── Excerpted records
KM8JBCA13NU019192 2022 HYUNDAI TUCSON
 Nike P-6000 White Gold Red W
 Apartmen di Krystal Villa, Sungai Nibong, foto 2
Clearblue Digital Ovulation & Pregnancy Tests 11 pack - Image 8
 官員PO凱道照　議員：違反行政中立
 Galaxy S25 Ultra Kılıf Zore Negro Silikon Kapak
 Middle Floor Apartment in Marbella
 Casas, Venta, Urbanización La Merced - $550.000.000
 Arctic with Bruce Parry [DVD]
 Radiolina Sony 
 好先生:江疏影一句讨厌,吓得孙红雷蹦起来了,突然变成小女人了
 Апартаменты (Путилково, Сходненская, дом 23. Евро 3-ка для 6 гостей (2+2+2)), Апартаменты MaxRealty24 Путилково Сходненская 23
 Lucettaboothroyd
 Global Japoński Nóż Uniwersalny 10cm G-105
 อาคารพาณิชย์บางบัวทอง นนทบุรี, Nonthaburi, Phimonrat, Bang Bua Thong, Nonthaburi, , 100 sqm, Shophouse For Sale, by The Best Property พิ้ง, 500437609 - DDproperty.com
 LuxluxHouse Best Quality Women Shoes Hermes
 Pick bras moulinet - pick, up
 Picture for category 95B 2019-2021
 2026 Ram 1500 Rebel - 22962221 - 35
────
» **About this exercise**:
Among the records, find every line with the word "Best" and copy it.

» **Completed exercise**:
 อาคารพาณิชย์บางบัวทอง นนทบุรี, Nonthaburi, Phimonrat, Bang Bua Thong, Nonthaburi, , 100 sqm, Shophouse For Sale, by The Best Property พิ้ง, 500437609 - DDproperty.com
 LuxluxHouse Best Quality Women Shoes Hermes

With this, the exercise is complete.